In Reply to: I was assuming the $7 tickets were on the re-sale market posted by TJJ on September 12, 2025 at 15:48:08
And that $7 represents a major devaluation from what the original purchaser paid, the equivalent of a fire sale stock dump. Nobody is buying tickets from the Central Ticket Office, at this point it appears that there are more season ticket holders desperately trying to dump their stock than there are people with any interest in going to the game. So the difference between a $7 ticket sold or unsold on the secondary market and an unsold $25 ticket from Central Ticketing in terms of revenue generated for UCLA is zero.
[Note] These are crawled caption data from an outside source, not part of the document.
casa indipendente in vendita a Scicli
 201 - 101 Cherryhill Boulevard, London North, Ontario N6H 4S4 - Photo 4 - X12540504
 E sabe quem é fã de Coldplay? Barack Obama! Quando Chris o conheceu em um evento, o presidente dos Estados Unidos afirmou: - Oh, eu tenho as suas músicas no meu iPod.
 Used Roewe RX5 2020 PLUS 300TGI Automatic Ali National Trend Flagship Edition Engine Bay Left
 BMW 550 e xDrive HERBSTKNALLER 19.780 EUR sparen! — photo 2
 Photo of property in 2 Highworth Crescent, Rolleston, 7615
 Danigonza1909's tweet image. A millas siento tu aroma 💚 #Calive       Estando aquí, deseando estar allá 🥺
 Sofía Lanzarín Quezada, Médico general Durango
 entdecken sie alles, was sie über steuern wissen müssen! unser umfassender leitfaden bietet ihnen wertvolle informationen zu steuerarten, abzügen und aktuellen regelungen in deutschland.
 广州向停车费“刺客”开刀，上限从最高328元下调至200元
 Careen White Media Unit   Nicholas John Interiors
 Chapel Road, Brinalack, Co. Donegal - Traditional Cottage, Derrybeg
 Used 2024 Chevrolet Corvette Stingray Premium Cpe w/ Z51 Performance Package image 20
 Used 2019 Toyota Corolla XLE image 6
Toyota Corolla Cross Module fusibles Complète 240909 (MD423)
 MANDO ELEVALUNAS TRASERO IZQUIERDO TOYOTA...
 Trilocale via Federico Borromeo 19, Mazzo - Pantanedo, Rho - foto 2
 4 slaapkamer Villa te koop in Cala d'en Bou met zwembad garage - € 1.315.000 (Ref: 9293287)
And to your other point, agree that as UCLA no longer has a viable football product to sell, and have been making mockery of the fan experience for years, they might as well go all in on the strategy and turn it into a circus that people are a least willing to pay for. Though it does beg the question of why even do anything at all? I have an 18 year dog who is still kind of here, but is an absolute shell of his former self. The acceptance of the present day to day experience is tied much more to nostalgia of past experiences, and if not for those, there would be a lot less patience and interest in putting up with the realities of caring for a him at this state in his life. Us long time alumni and Bruin supporters have been carrying the torch of interest, engagement, and support for the football program (albeit dwindling of late) through decades of futility now. I am a third generation alumni who was raised on tales of the glory days UCLA athletics, while also getting to experience firsthand the successes in the 70s, 80s, 90s, attending FB games at the Coliseum and Rose Bowl, BB, VB and Gymnastics at Pauley, and T&F at Coliseum and RB. Can you imagine attending UCLA now and feeling any calling whatsoever to support the football team, to put in the time and effort required to get to games when you have absolutely no memory of UCLA football being anything better than relatively mediocre to absolutely terrible, and the game day experience being embarrassingly bad? My own 14 year old daughter, while a fan of UCLA gymnastics (she is a gymnast), has come to recognize my allegiance to UCLA Football as a something akin to a painful burden that her father is struggling to let go of. I love my dog, but at some point relatively soon if he doesn't do it on his own, I'm going to have to make the decision to put him down.